In 2019, Brown created her own jewelry line, Copper Canoe Woman. The designs blend her Nuu-chah-nulth and Haíłzaqv ancestry and culture.
Her latest collection, ʕuy̓aałapʔiš naniiqsu, is dedicated to her granny. Inspired by Robinson’s weaving and basketry, the collection was made “to continue her legacy, her art and designs,” said Brown.
Through her jewelry, Brown said she hopes to transcend Robinson’s Ahousaht worldview into a modern context.
“To bring her along on an energetic and metaphysical level,” she said.
Using natural materials, such as cedar bark and abalone, each of one Brown’s designs has a story to tell.
Traditionally, women artists were revered in Nuu-chah-nulth culture, she explained.
“They were upheld to a high status because they were knowledge keepers,” she said. “Their designs weren’t random. Their designs were stories, they were history and they were proprietary to families.”
Now, she said, it’s her responsibility to continue sharing those stories.
“I don’t take that responsibility lightly,” she said.
Her “light burst” earrings are an homage to that history – “to the depth and curiosity” of her granny, who used to study quantum physics.
“She used to talk about the universe,” Brown recalled. “She used to say that when you break us all down, we are all light. We all come from the same energy.’”

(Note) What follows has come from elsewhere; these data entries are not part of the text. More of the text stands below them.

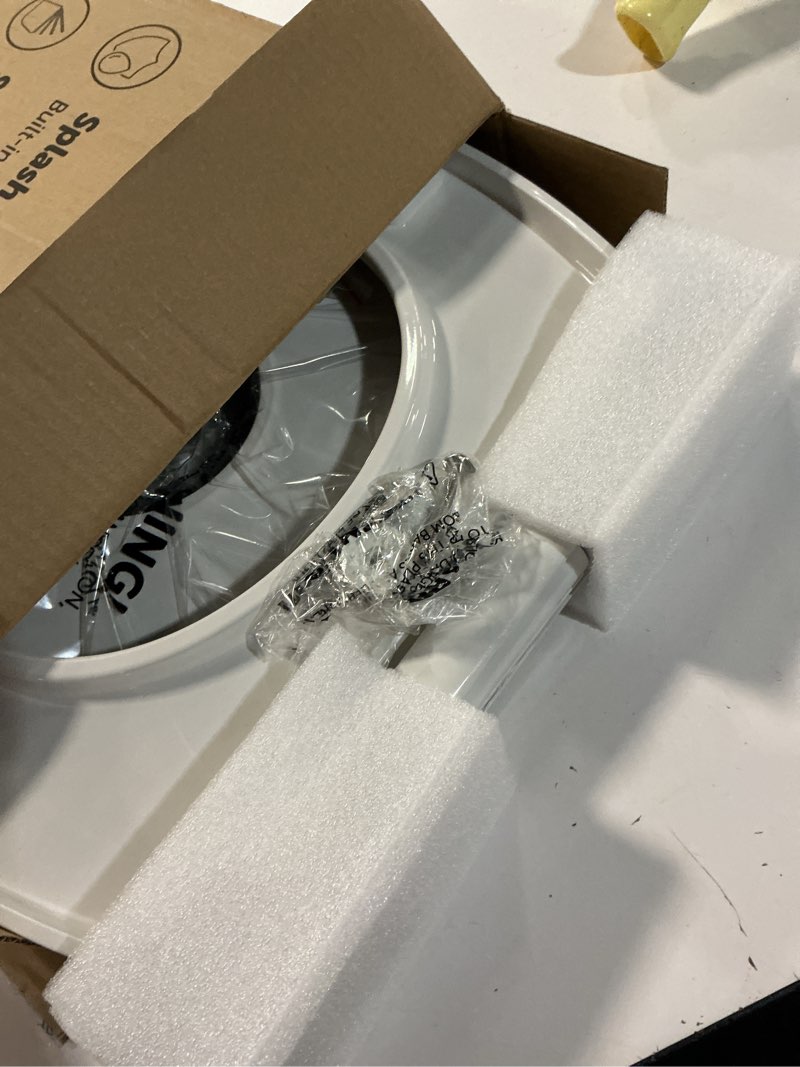 Condition photo showing Good Condition for Quick Flip Toilet Seat with Built-in Potty & Splash Guard for Toddler Training, Slow Close - Jool Baby (Elongated)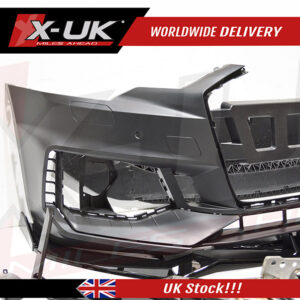 A6 S6 C8 4K 2018-2021 Audi Sport style front bumper and rear diffuser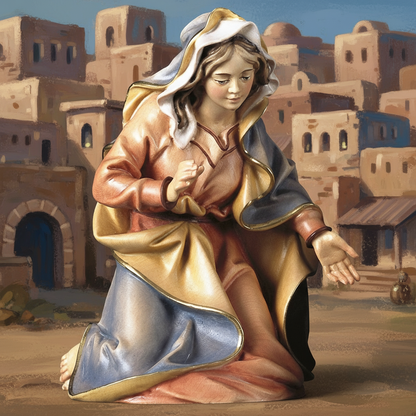 Bethlehem Village - Mary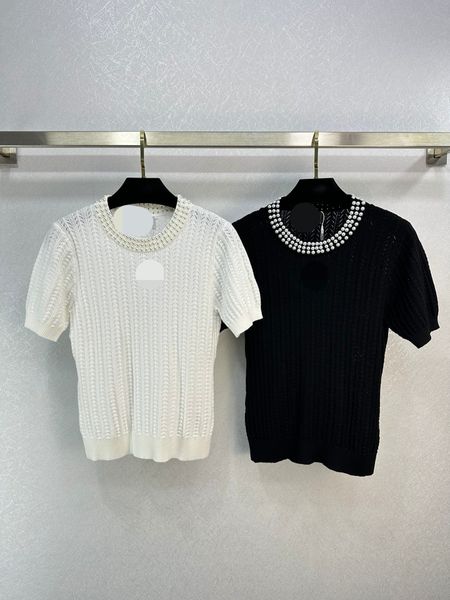 521 l 2023 summer sweaters women's pullover sweater black white striped crew neck short sleeve brand same style women's weilank822, White;black
521 l 2023 summer sweaters women's pullover sweater black white striped crew neck short sleeve brand same style women's weilank822, White;black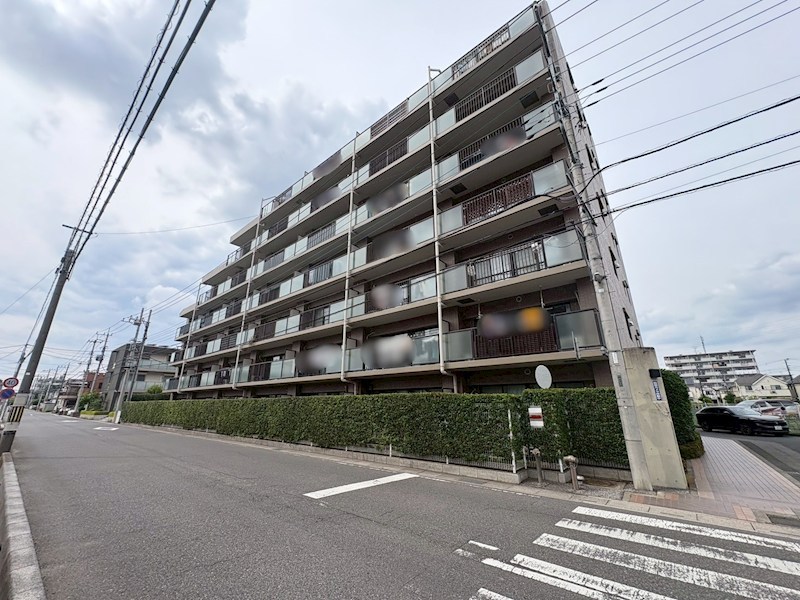 イトーピア豊春 現地写真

Robinson refused to settle for the “negative colonial narrative” that undermined the intelligence of Indigenous peoples, Brown said.
“She went above and beyond to interrupt and connect us to thinking beyond what the physical eye can see,” Brown wrote, in a description about her light burst earrings. “Our ancestors understood physics, they understood time travel, and being able to travel faster than a beam of light, or expand beyond linear timelines. The evidence is in our stories and knowledge systems.”
Despite being a master of her craft and highly respected within her community, Brown said Robinson’s work was not appreciated in the same way by mainstream society. Galleries and shops would give her insultingly low rates, which she accepted to care for her family.
“She lived in a time where women were second-class citizens,” said Brown. “And if you were an Indigenous woman, you were even lower than that.”
That reality limited access to Indigenous designers and artists, said Brown.
“I’m so happy that this younger generation of youth has access to native designers,” she said. “We now have access to more ways to showcase our culture than we ever did in my day.”
Copper Canoe Woman designs are bold in size and in their expression. They reflect Brown’s personal taste, while also rejecting the suppression so many Indigenous artists continue to face.
“I want [the jewelry] to be accessible to Indigenous people and all people of all socioeconomic backgrounds,” she said.
Unlike her granny was able to, Brown said she is setting that scale.
“I’m the one deciding how much my art is worth,” she said. “And that’s really empowering.”
Through her jewelry, Brown said she hopes to help Indigenous and non-Indigenous people adorn themselves in a way that is deeply rooted in history and culture.
“I want them to walk into that board meeting, or walk into their interview, or walk into a store and feel protected,” she said. “My late-granny used to say, ‘we wear shiny things when we go to potlatches or to parties to protect us – to reflect negative energy.’ I really think about that when I’m making my pieces. These are protection pieces.”